Extracted entries:
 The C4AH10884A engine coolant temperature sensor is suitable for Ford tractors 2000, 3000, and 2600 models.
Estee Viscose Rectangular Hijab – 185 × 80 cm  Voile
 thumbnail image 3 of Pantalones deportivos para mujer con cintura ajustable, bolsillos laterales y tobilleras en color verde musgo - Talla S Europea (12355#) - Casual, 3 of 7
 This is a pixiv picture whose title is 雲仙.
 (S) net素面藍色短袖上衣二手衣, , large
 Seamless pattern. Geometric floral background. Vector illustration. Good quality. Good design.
--
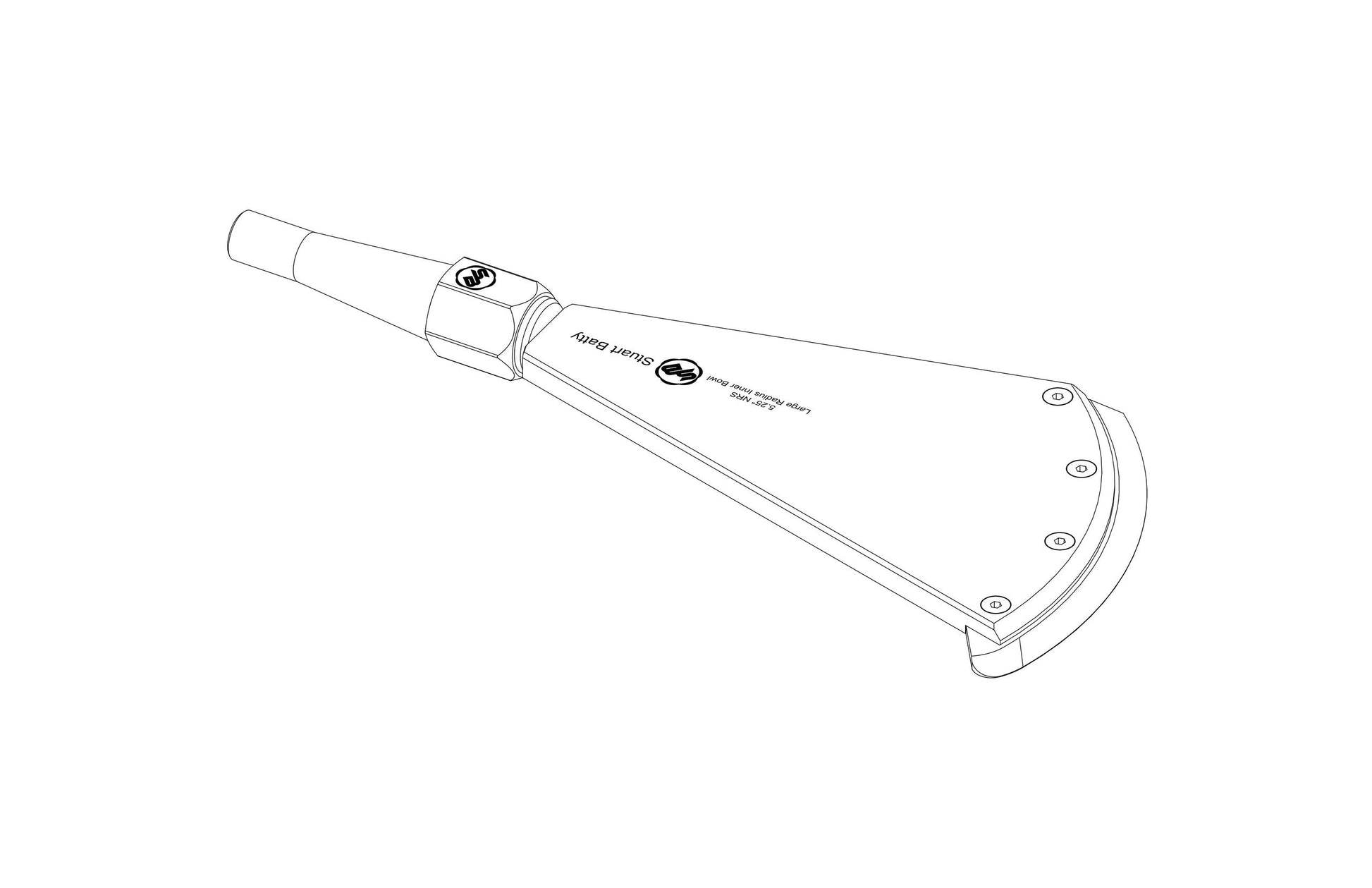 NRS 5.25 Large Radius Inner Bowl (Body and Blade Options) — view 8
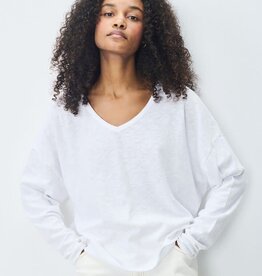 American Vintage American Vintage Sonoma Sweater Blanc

Problem description: Start with the line above that contains "The C4AH10884A engine" and stop after the line that contains "Seamless pattern. Geometric". Output those lines exactly, and only those.

Response below:
 The C4AH10884A engine coolant temperature sensor is suitable for Ford tractors 2000, 3000, and 2600 models.
Estee Viscose Rectangular Hijab – 185 × 80 cm  Voile
 thumbnail image 3 of Pantalones deportivos para mujer con cintura ajustable, bolsillos laterales y tobilleras en color verde musgo - Talla S Europea (12355#) - Casual, 3 of 7
 This is a pixiv picture whose title is 雲仙.
 (S) net素面藍色短袖上衣二手衣, , large
 Seamless pattern. Geometric floral background. Vector illustration. Good quality. Good design.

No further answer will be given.